Provision on conversion of promoter shares stirs debate
Mon, Sep 19, 2016 10:07 AM on Latest, Featured, External Media, Stock Market,
A provision in the bill to amend Bank and Financial Institution (BAFIA) Act, which allows promoters of a bank or financial institution to sell their shares to public after certain period, has stirred a debate between former finance ministers and former central bank governors.
The bill had initially proposed the lock up period of 10 years for the promoter shareholders to convert their shares into public shares. But such period was reduced to seven years by a sub-committee formed by the parliamentary Finance Committee which was approved by the committee on May 26 for tabling it in the full house of the parliament.
The amendment bill, however, was sent back by the full house for revision in some of the provisions including the lock up period.
If the provision of 7-year lock up period is endorsed, a promoter shareholder can offload his shares in the stock market or convert into public shares after 7 year of a bank or financial institution coming into operation.
Currently, a bank must have 51 percent promoter shareholders, while public can have up to 49 percent of ownership. The process for promoter shareholder to sell his ownership involves a long process, including the permission from the Nepal Rastra Bank (NRB).

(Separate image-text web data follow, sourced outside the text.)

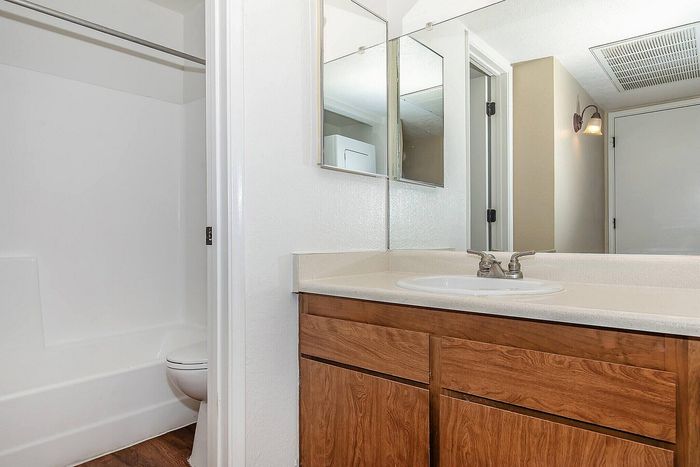 Bright and modern bathroom with elegant wood cabinetry, sleek countertops, and a stylish mirror, offering a serene and contemporary feel.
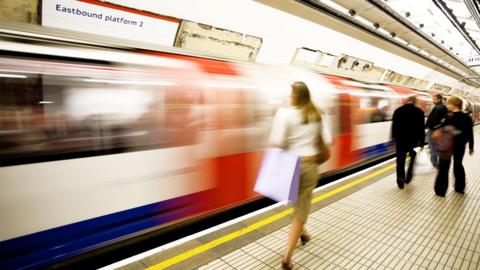 Woman walking along train platform as train drives past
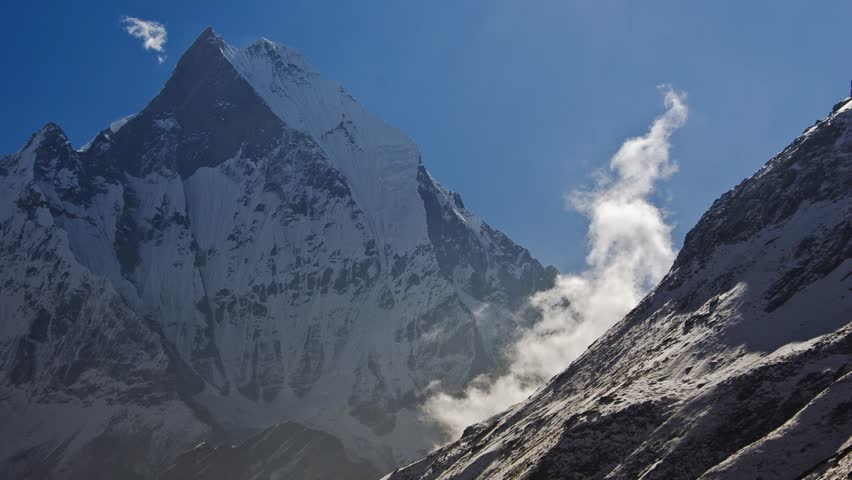Clouds forming near the Machapuchare peak in the Annapurna region of the Himalayas on the way to the Annapurna Base Camp (time lapse/timelapse)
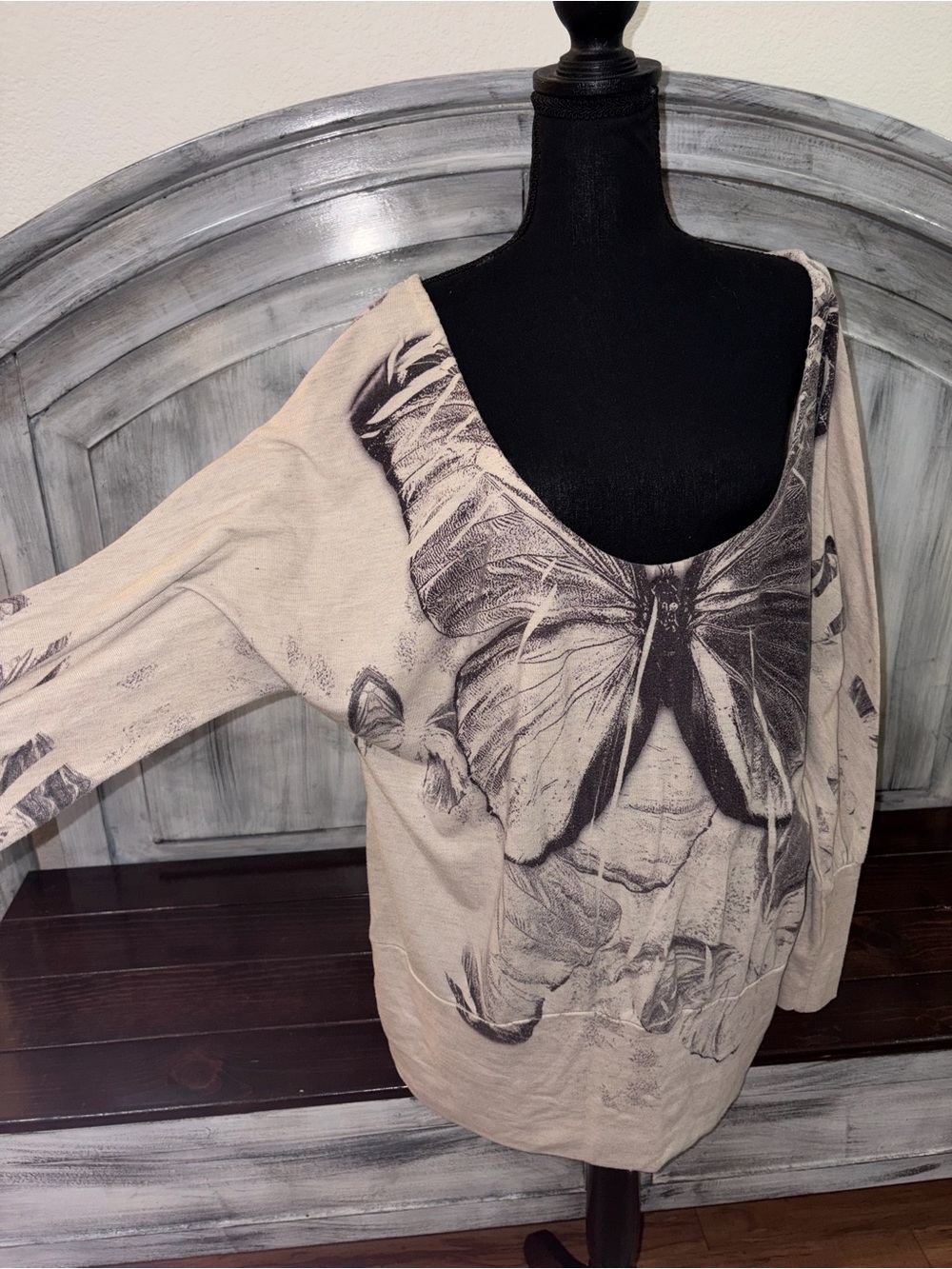 American Rag Beige Scoop-Neck Sweatshirt with Black Butterfly Motif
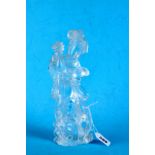 A LARGE CHINESE ROCK CRYSTAL CARVING OF GUANYIN, standing holding a vase of flowers,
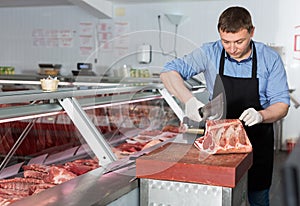 Butcher cutting raw steak on ribs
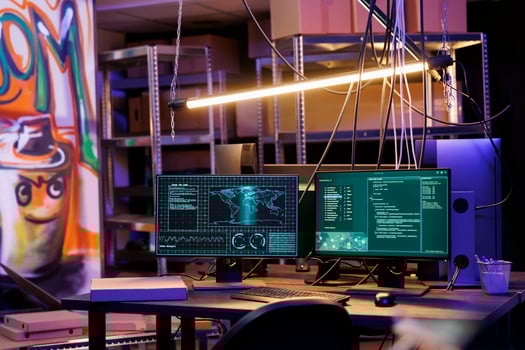 Computer screens displaying data and ransomware code at hackers workspace. Malicious software cracking password on monitors in abandoned warehouse with graffiti and neon light photo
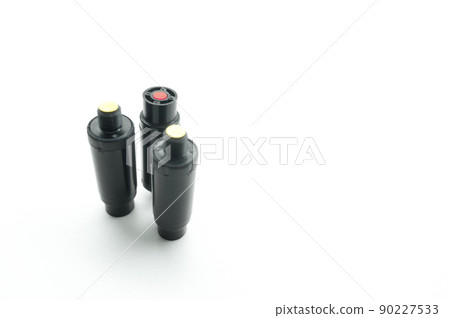 Aerosol pepper cartridges for a protective gun. Means of self-defense against attacks by aggressive people and animals. Selective focus, isolated on white, copy space Aerosol pepper cartridges for a protective gun. Means of self-defense against attacks by aggressive people and animals. Selective focus, isolated on white, copy space 90227533
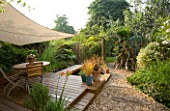 EXOTIC SHADE PLANTING OF GRASSES  PHORMIUM  BAMBOO  ROSEMARY AND OTHER FOLIAGE PLANTS WITH CANOPY OVER DECKED DINING AREA IN SMALL TOWN GRAVEL GARDEN BY KATHY TAYLOR  LONDON.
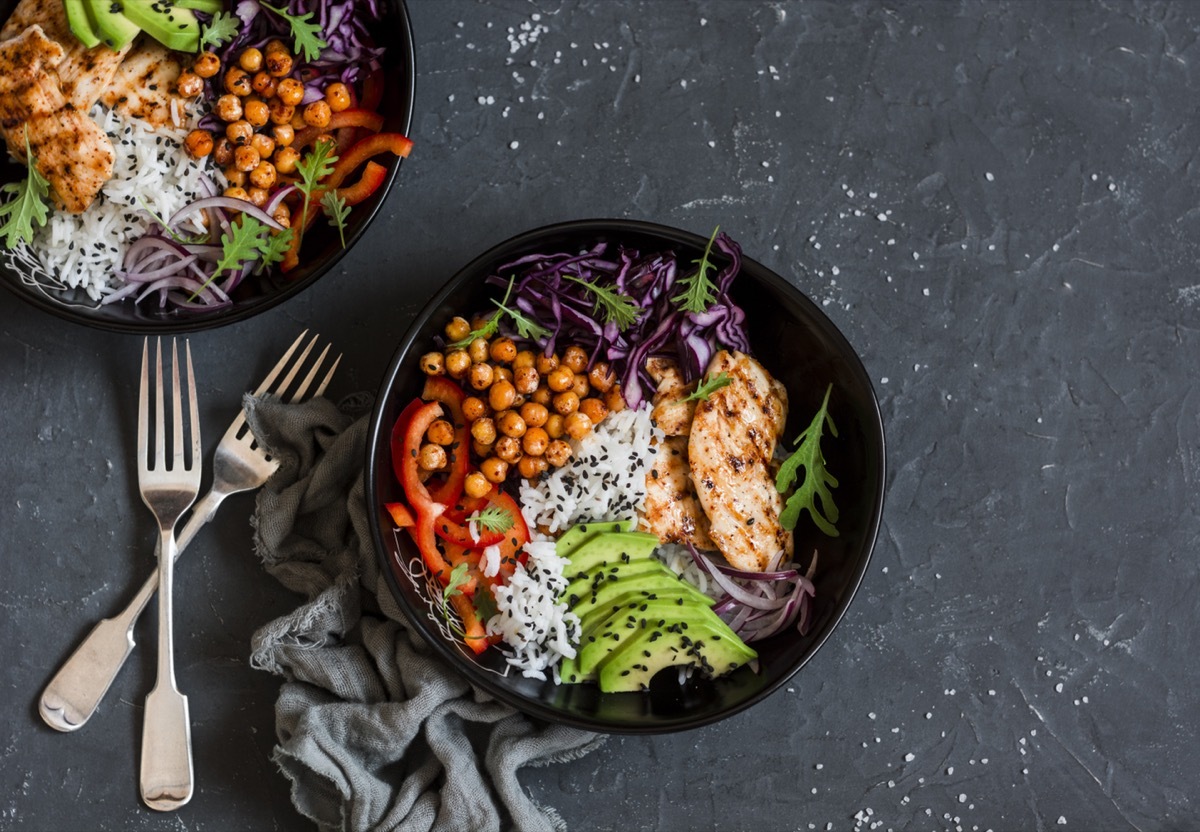 Grilled chicken, rice, spicy chickpeas, avocado, cabbage, pepper buddha bowl on dark background, top view. Delicious balanced food concept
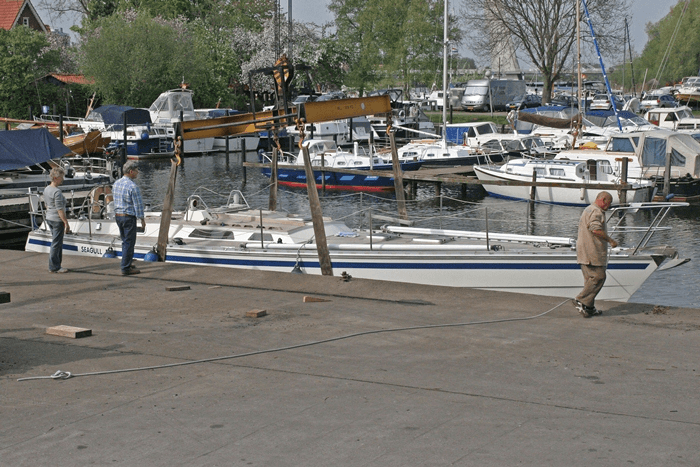 Een zeilboot wordt met de botenkraan uit het water gehaald bij Jachthaven De Hanze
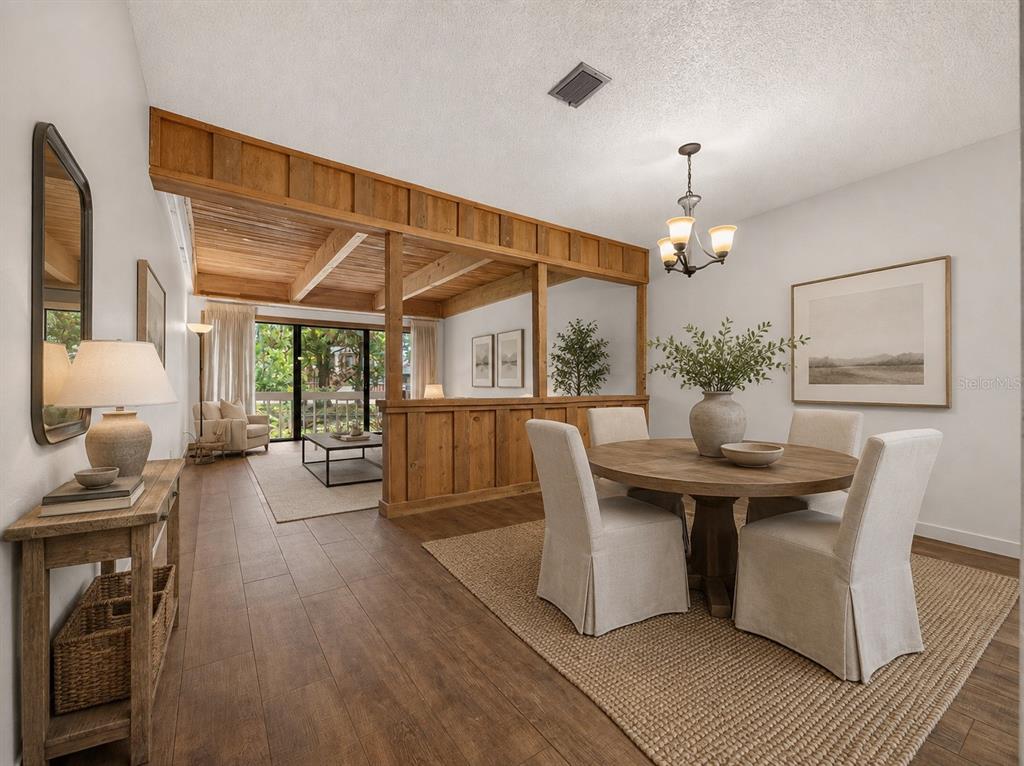 A dining area with a round wooden table and chairs next to a sunken living room — 5314 INDIAN CREEK DRIVE UNIT D08, ORLANDO, FL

Speaking at a discussion organized by the Finance Committee on Sunday, former finance minister Bishnu Prasad Paudel criticized his predecessor Ram Sharan Mahat for introducing the provision of lock-up period while he was the finance minister.
"There was no such provision in the initial draft prepared by the central bank. I do not know the rationale behind introducing the lock-up period in the bill," Paudel, who is also a CPN-UML leader, said. "The provision of lock up period is aimed at increasing the share price of BFIs, and only encourages quick profit-making from rise in share prices," he added.
He, however, defended his decision to continue with the bill that was tabled by his predecessor Mahat. "Since the bill was expected to be approved as soon as possible, I decided to start the bill from where it was since there was room for correction of errors in the parliamentary proceeding," he added.
However, former Finance Minister Ram Sharan Mahat told Republica that he proposed the lock up period of 10 years to provide easy exit policy to the investors. "An investor cannot lock his capital for an indefinite period. An entrepreneur will always seek to transfer his resources from one sector/business to another, as he will not confine his capacity to a single sector," said Mahat, who is also a leader of Nepali Congress. "The entrepreneur should be given the exit policy where he would release his investment and start some new enterprise or business. We cannot impose such rule which is not practiced anywhere in the world," he added.
Former NRB Governor Yuba Raj Khatiwada also said promoters should be restricted from converting their shares into public. "Promoters should have at least 51 percent of the ownership of a bank. Conversion or sale of such shares in the stock market should be restricted," he added.
"Promoter shares should be traded only among the promoters. That should not be allowed to be diverted. If allowed for conversion, depositors will not be able to identify who the owners are. It does not help to create an environment of confidence in a bank," he added.
Former NRB Governor Tilak Rawal, however, said that the discretion of allowing conversion of promoter shares to public should be given to the central bank. Another NRB Governor Ganesh Bahadur Thapa said that there was not any substantial difference between lock up period of 7 or 10 years.